Taren Capel: Oh no Doctor. I’m going to burn out your brain. Very very slowly.

  • Machine Monotone: Much less severe than usual for the show. The result is somewhat sing-song-y, which just makes it that much creepier.
  • Mad Scientist: Taren Capel.
  • Mobile Factory
  • Mooks: The titular robots.
  • My Species Doth Protest Too Much: D84 is the only good robot in this serial - though to be fair, the others didn't start out evil, and the one having its "good" programming rewritten on the operating table is very distressed throughout the process.
  • Nice Hat: The workers have some...odd headgear.
  • Perspective Magic: the Doctor tells Leela that that this is the principle that enables the TARDIS to be much bigger on the inside than on the outside.
  • Red Eyes, Take Warning: An effect of the manner in which the robots are reprogrammed.
  • Removing the Head or Destroying the Brain: an absurdly high number of robots take laser probes to the head.
  • Robot Buddy: D84.
  • Shout-Out: Robophobia is officially known as "Grimwade's Syndrome", a shout out to production assistant (later in the 1980s to be a Who director and writer) Peter Grimwade, who had complained that all the stories he worked on seemed to involve evil robots...

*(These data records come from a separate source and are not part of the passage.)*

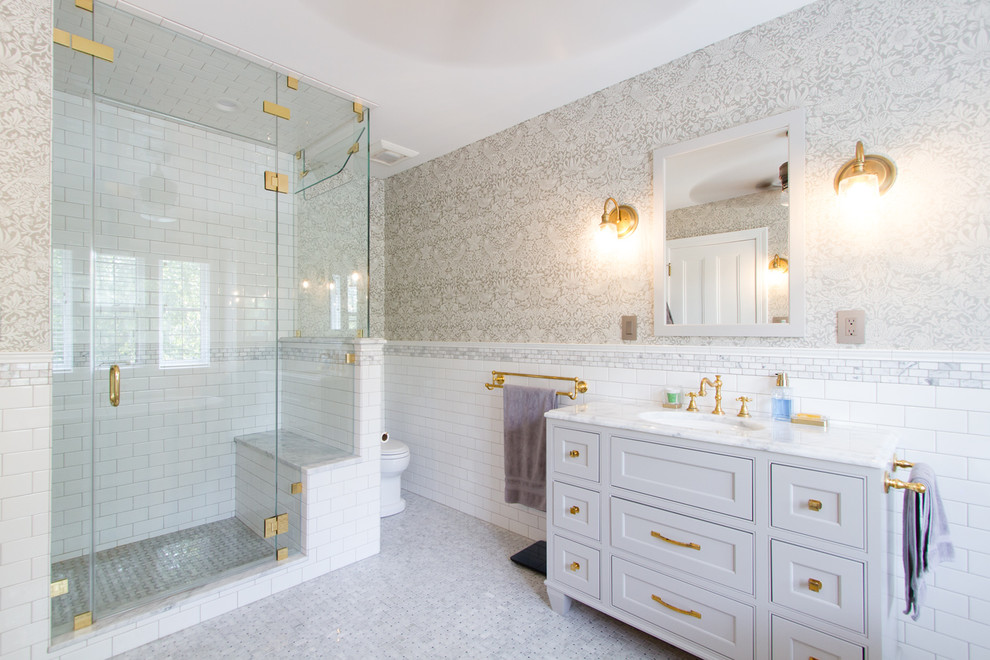 Идея дизайна: большая главная ванная комната в классическом стиле с фасадами с декоративным кантом, серыми фасадами, отдельно стоящей ванной, душем в нише, унитазом-моноблоком, белой плиткой, плиткой кабанчик, серыми стенами, мраморным полом, врезной раковиной, столешницей из кварцита, серым полом, душем с распашными дверями и желтой столешницей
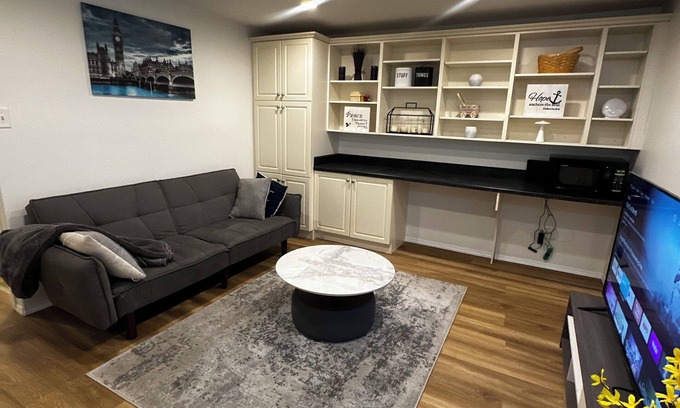 Regina Condo | A Beautiful, Inviting Space to Call Home in a very peaceful neighbourhood.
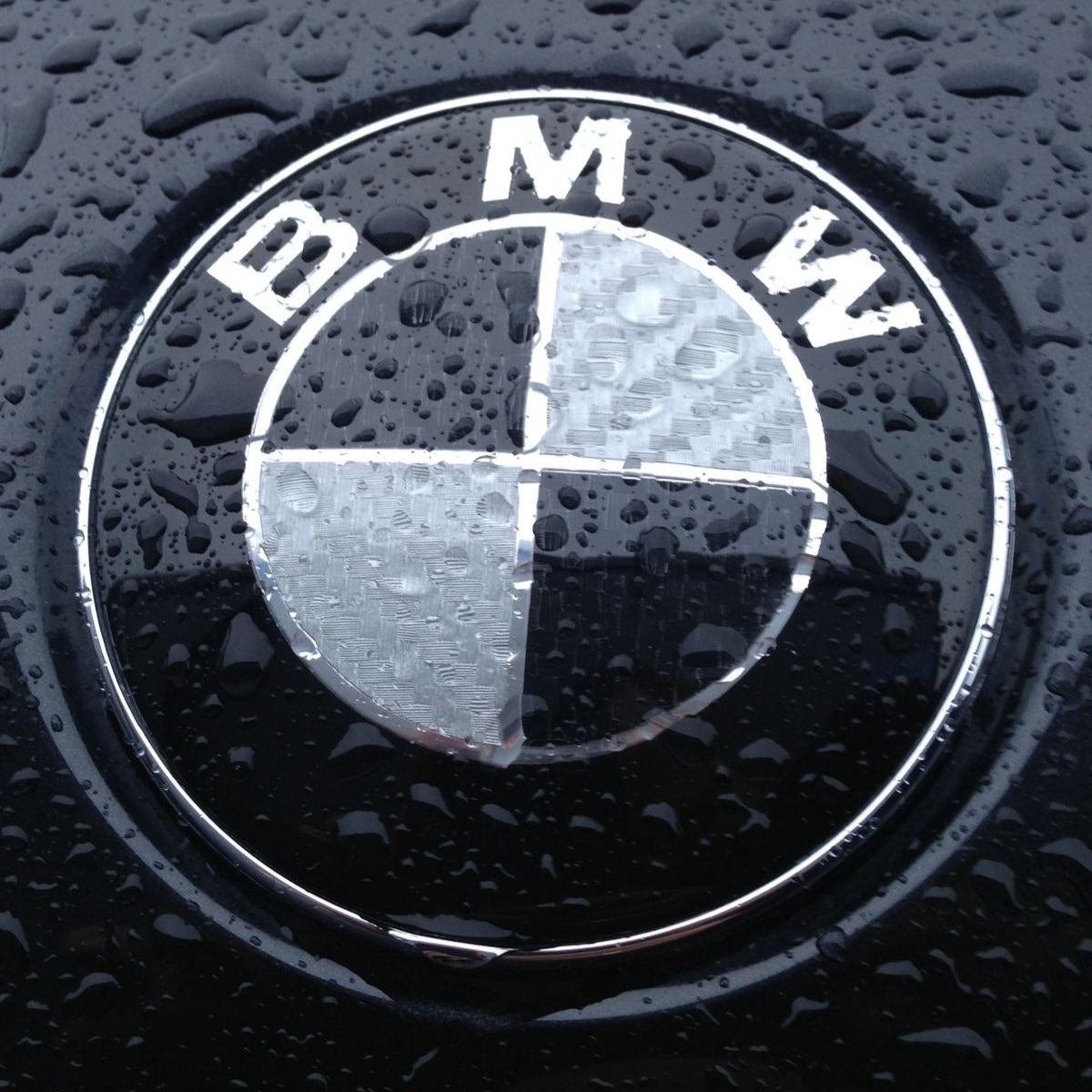 BMW embléma, Carbon kiadások és Full fekete 74, 82 mm - bömös.hu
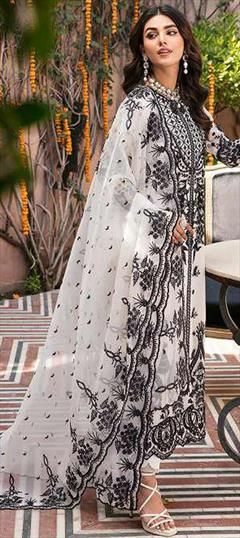 White and Off White color Salwar Kameez in Organza Silk fabric with Embroidered, Thread work Akbar Aslam, Suits Pakistani, Luxury Pret, Shirt Trouser, Embellished Shirt, Eid Dresses, Womens Dress Suits, Embroidered Dupatta, Organza Dupatta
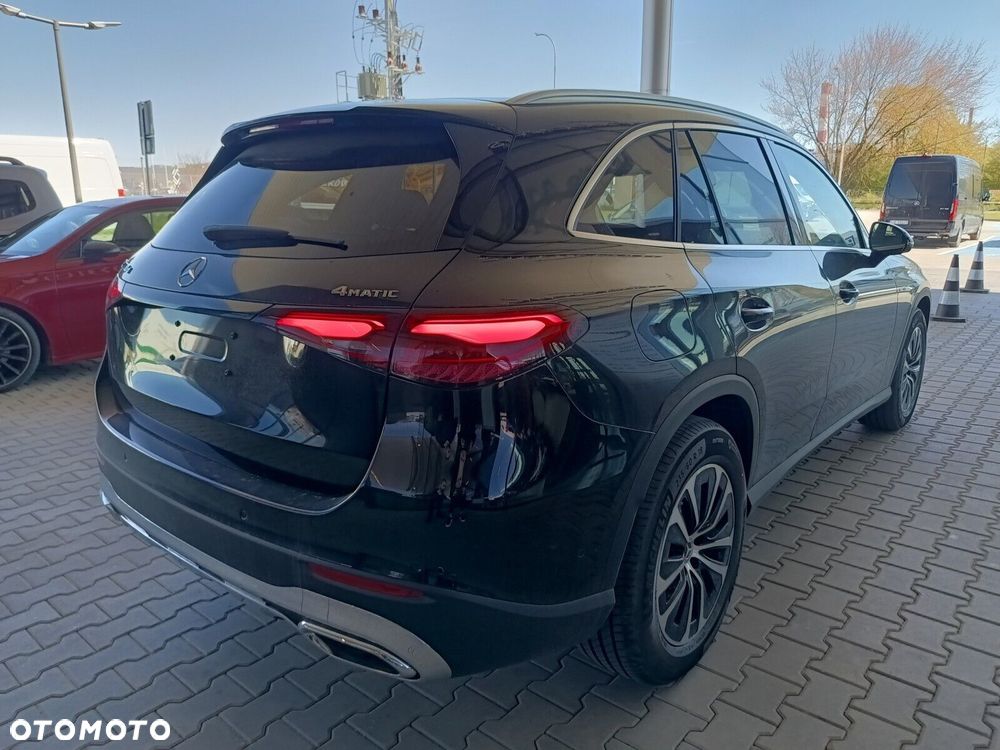 Mercedes-Benz GLC - 8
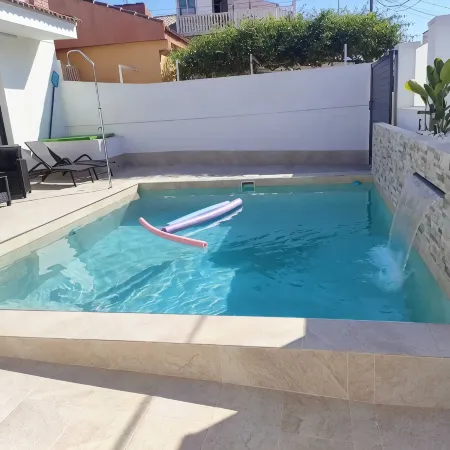 Independent villa with private pool, 5 min from the beach!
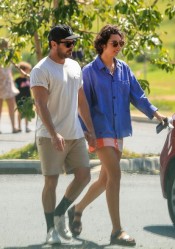 Zac Efron & Vanessa Valladares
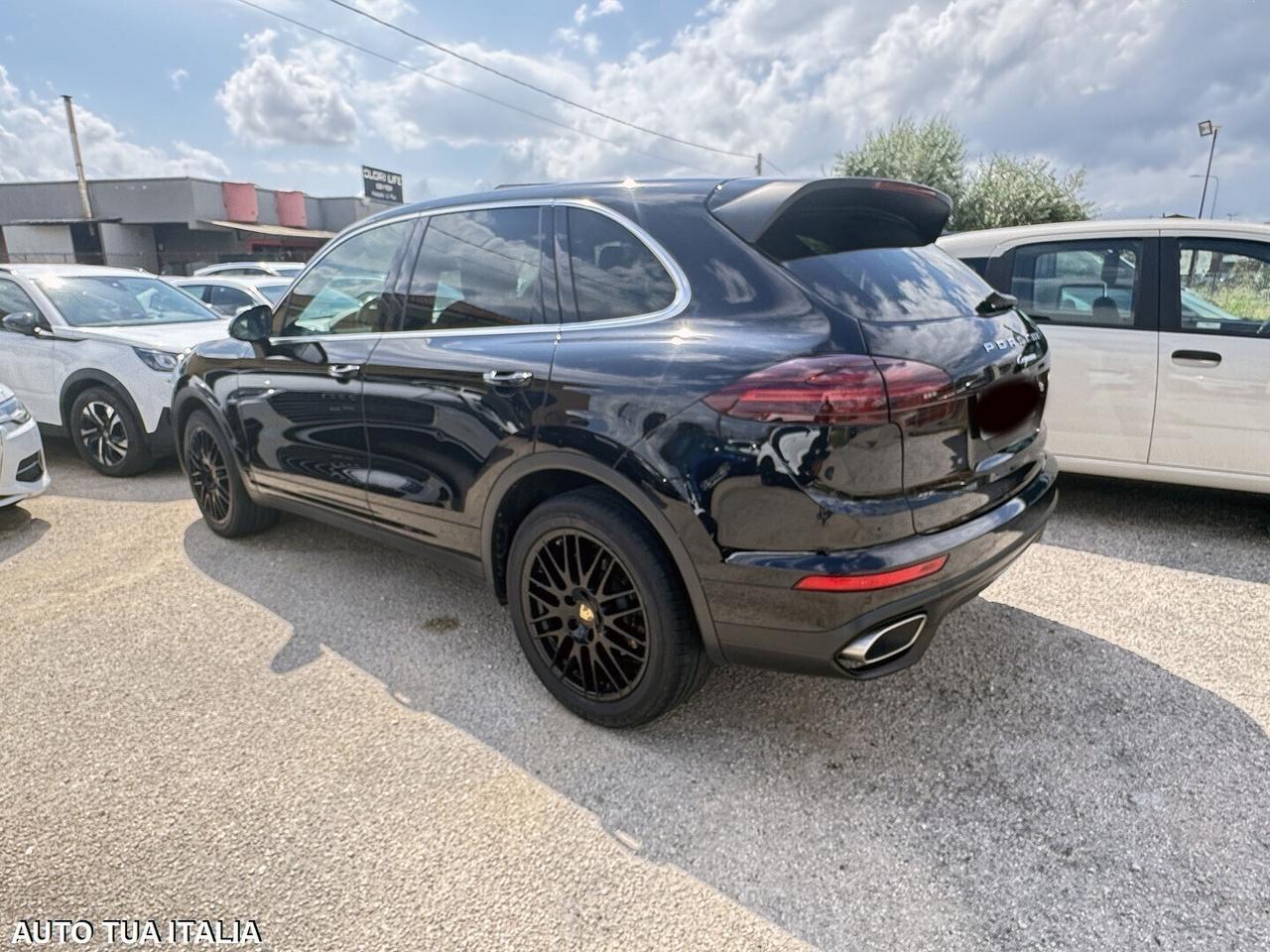 PORSCHE CAYENNE DIESEL NAVI PASM LED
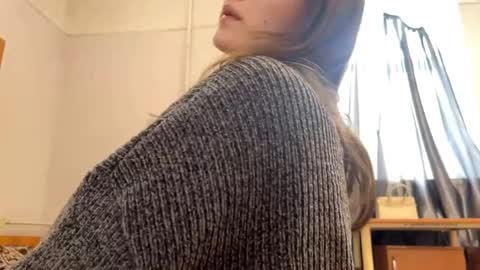 Snapshot of ellyspoerer chatting on May 14, 5:14 am Sonya online show from May 14, 5:14 am
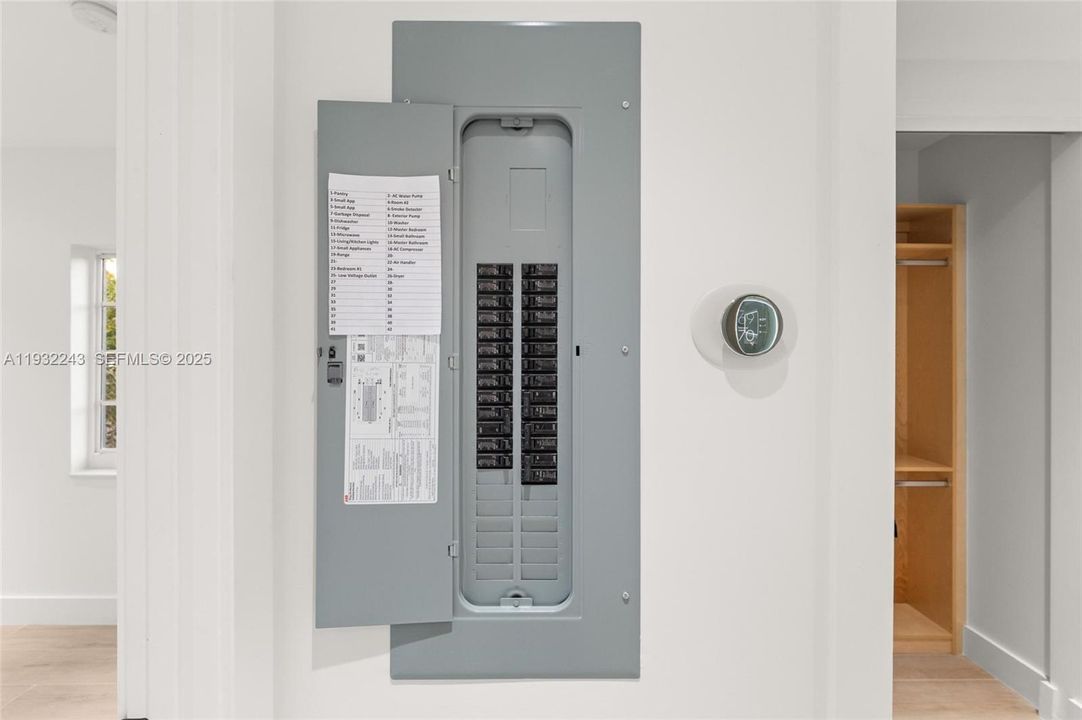 На продажу: $675,000 (3 спален, 2 ванн, 1144 Квадратных фут)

  • Special Effect Failure: The effect on Taren Capel's face while he reprograms SV 7 completely fails to disguise who it is, which is a shame as up until that point the attempts to hide his identity worked rather well.
  • The Speechless: The robots are divided between "Dums" that cannot speak and "Vocs" that can. In addition, "Super Vocs" like SV7 have advanced intelligence and command the lesser 'bots.

 D84: This is a communicator. It can function on either human or robot command circuits. Would you like to use it? I cannot speak...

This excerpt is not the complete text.